Americans Support Religious Freedom For Christians — For Muslims, Not So Much, According To New Poll


Americans, by and large, support religious freedom — for Christians and Jews, that is. But when it comes to Muslim religious freedom, they’re considerably less enthusiastic, according to a new poll.

As the Christian Science Monitor reports, a new poll by the Associated Press-NORC (National Opinion Research Center) Center for Public Affairs Research reveals starkly different attitudes among Americans when it comes to protecting the religious freedoms of Christians, Jews, Muslims, and other religious groups.

muslim religious freedom
Americans support less religious freedom for Jews than for Christians, less still for Muslims. [Image via Shutterstock/VenturaStock]
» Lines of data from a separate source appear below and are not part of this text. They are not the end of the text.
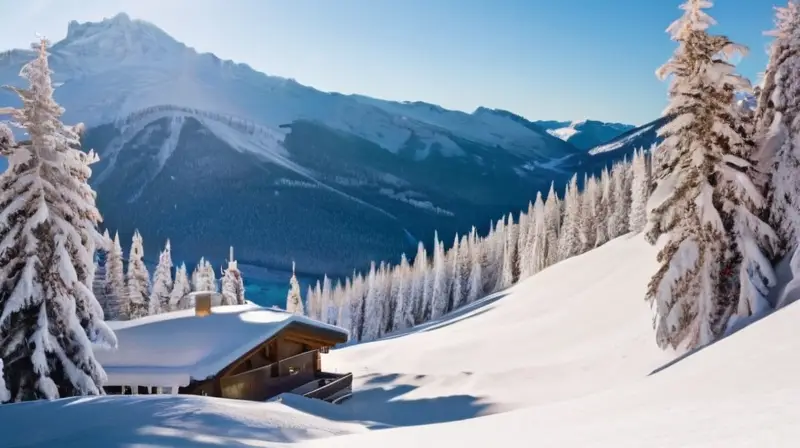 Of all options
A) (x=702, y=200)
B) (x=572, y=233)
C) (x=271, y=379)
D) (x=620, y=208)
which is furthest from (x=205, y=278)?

Eighty-two percent of Americans say it’s “very important” or “extremely important” for the religious freedom of Christians to be protected, 72 percent say the same for Jews, and 62 percent believe Muslim religious freedom is important. Sixty-three percent believe it’s important to protect the religious freedom of people who practice no religion.

Only 55 percent of Americans say the government is doing a “somewhat good” or “very good” job of protecting religious freedom.

Christian Science Monitor writer Stacy Teicher Khadaroo opines that the difference of opinion among Americans when it comes to the religious freedom of Muslims and Jews versus Christians demonstrates that America has not always lived up to the ideals of the First Amendment to the Constitution – that is, that the government can neither endorse a religion nor prohibit people from exercising it.

Muslim religious freedom
The First Amendment guarantees the religious freedom of ALL religions. [Image via Shutterstock/andrea crisante]

Further, says Khadaroo, the poll raises concerns about how long religious liberty can survive in American when four in 10 Americans don’t believe religious liberty is important at all.

Madihha Ahussain, an attorney for Muslim Advocates, a California-based civil rights group, believes the timing of the poll may have influenced the results. The poll was conducted December 10 through 13, barely a month after Islamist terrorists killed 130 people in Paris and just a couple of weeks after Islamist terrorists killed 14 people in San Bernardino.

“These numbers seem to be part of a growing climate of anti-Muslim sentiment in the United States. This climate of hatred has contributed to dozens of incidents of anti-Muslim violence in recent weeks.”

Anti-Muslim sentiment in the United States has, indeed, been higher in the past few months than it was even after the September 11, 2001, terrorist attacks in New York, Washington, and Pennsylvania, according to a December 12 report in the Guardian. Several offenses against Muslims have taken place since Paris, ranging from the subtle (such as a Georgia teacher asking a 13-year-old Muslim girl if she had a bomb in her backpack) to the felonious (such as two Muslim women in Florida being shot at and run off the road).

However, Douglas Laycock, a scholar of religious liberty at the University of Virginia School of Law, says that American history has shown over the centuries that the Christian majority in America is interested in protecting its own liberties but not for other minority religious groups.

“‘Liberty for me but not for thee’ is a very longstanding and widespread fallacy. The Puritans came to America for religious liberty, but immediately decided that they meant religious liberty only for themselves… There were huge fights between Catholics and Protestants in the nineteenth century, and outright persecution of Mormons. Now Jews are clearly inside the circle of religious liberty, and Muslims, Buddhists, Hindus, and nonbelievers are on the perimeter, protected in law but not so much in public opinion.”

Eric Rassbach, an attorney with the Becket Fund for Religious Liberty, in remarks via the Saint Louis Post-Dispatch, cautions that restricting the liberty of others – Muslims or other religious minorities – can lead to your own religious liberty being restricted.

“If somebody else’s religion is being limited by the government, yours is liable to be limited in the same way. Even if you only care about your own particular group, you should care about other groups, too, because that’s the way the law works.”